Golf and Curling Club in Oromocto, New Brunswick

The Gage Golf and Curling Club (French: Club de Golf et Curling Gage) is a golf and curling club located at CFB Gagetown in Oromocto, New Brunswick.

==History==
The golf club was built in 1950 and was designed by C. E. Robbie Robinson.

In 2016, the golf course was damaged when someone drove onto the course, leaving behind empty beer cans in the process.

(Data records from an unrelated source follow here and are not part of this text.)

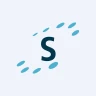 SVA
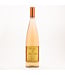Robert Sinskey Vin Gris Rosé 2023 750ml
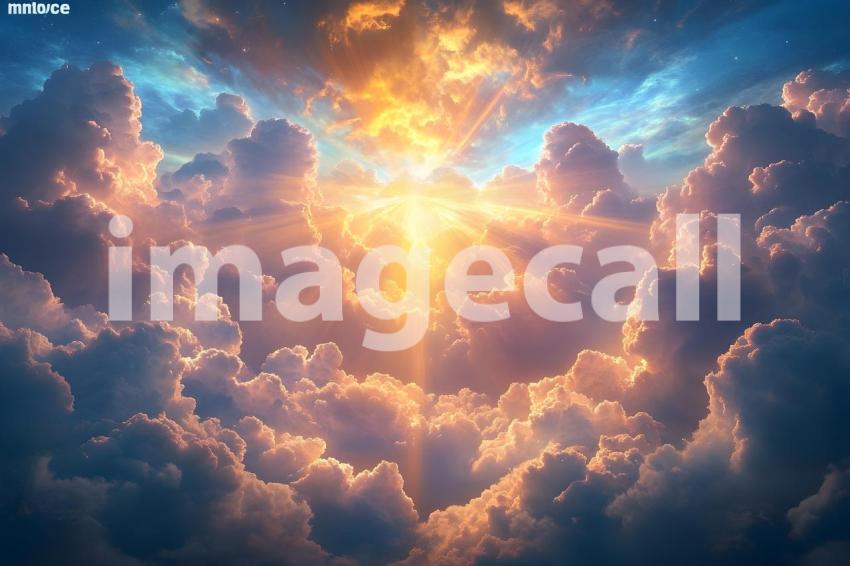 010 rainbow bridge 40 backdrops bd25549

==Provincial champions (curling)==
The curling club made news in 2020 when it sent a team to the Brier, the Scotties Tournament of Hearts and a junior mixed doubles event in Sweden.

===Men's===
Winners of the New Brunswick Tankard:

| Year | Team | Brier record |
|---|---|---|
| 2006 | James Grattan, Wayne Tallon, Jason Vaughan, Jeff Lacey | 5–6 |
| 2008 | James Grattan, Mike Kennedy, Jason Vaughan, Peter Case | 2–9 |
| 2009 | Russ Howard, James Grattan, Steven Howard, Peter Case, Jason Vaughan | 6–5 |
| 2010 | James Grattan, Steven Howard, Jason Vaughan, Peter Case | 3–8 |
| 2011 | James Grattan, Charlie Sullivan, Steven Howard, Peter Case | 4–7 |
| 2013 | James Grattan, Jason Roach, Darren Roach, Peter Case | 5–6 |
| 2014 | James Grattan, Jason Roach, Darren Roach, Josh Barry | 6–5 |
| 2018 | James Grattan, Chris Jeffrey, Andy McCann, Peter Case | 3–5 |
| 2020 | James Grattan, Paul Dobson, Andy McCann, Jamie Brannen, Chris Jeffrey | 3–4 |
| 2021 | James Grattan, Jonathan Beuk, Andy McCann, Jamie Brannen, Kevin Keefe | 4–4 |
| 2022 | James Grattan, Darren Moulding, Paul Dobson, Andy McCann, Jamie Brannen | 3–5 |
| 2024 | James Grattan, Joel Krats, Paul Dobson, Andy McCann | 1–7 |
| 2025 | James Grattan, Joel Krats, Paul Dobson, Andy McCann | 3–5 |

===Women's===
Winners of the New Brunswick Scotties Tournament of Hearts:

| Year | Team | Hearts record |
|---|---|---|
| 2011 | Andrea Kelly, Denise Nowlan, Jillian Babin, Lianne Sobey | 3–8 |
| 2012 | Andrea Kelly, Rebecca Atkinson (skip), Jillian Babin, Jodie deSolla | 5–6 |
| 2013 | Andrea Crawford, Rebecca Atkinson, Danielle Parsons, Jodie deSolla | 6–5 |
| 2014 | Andrea Crawford, Rebecca Atkinson, Danielle Parsons, Jodie deSolla | 6–5 |
| 2020 | Andrea Crawford, Jennifer Armstrong, Jillian Babin, Katie Forward | 4–4 |

===Mixed===

| Year | Team | Canadian Mixed record |
|---|---|---|
| 2012 | James Grattan, Rebecca Atkinson, Kevin Boyle, Jane Boyle | 7–4 (2013) |
| 2019 | Chris Jeffrey, Jillian Keough, Brian King, Katie Forward | 5–4 |

===Junior men's===

| Year | Team | Canadian Juniors record |
|---|---|---|
| 2025 | Rajan Dalrymple, Noah Riggs, Drew Grattan, Cameron Sallaj |  |

===Junior women's===

| Year | Team | Canadian Juniors record |
|---|---|---|
| 2022 | Celia Evans, Brooke Tracy, Julia Evans, Sierra Tracy | 5–4 |

===Curling Club championships===
The club won the Canadian Curling Club Championships in 2023, when Abby Burgess and her rink of Brooke Tracy, Samantha Crook and Hannah Williams won the women's event. The team went on to win the 2024 North American Curling Club Championship representing Canada. They defeated the United States team from the Madison Curling Club.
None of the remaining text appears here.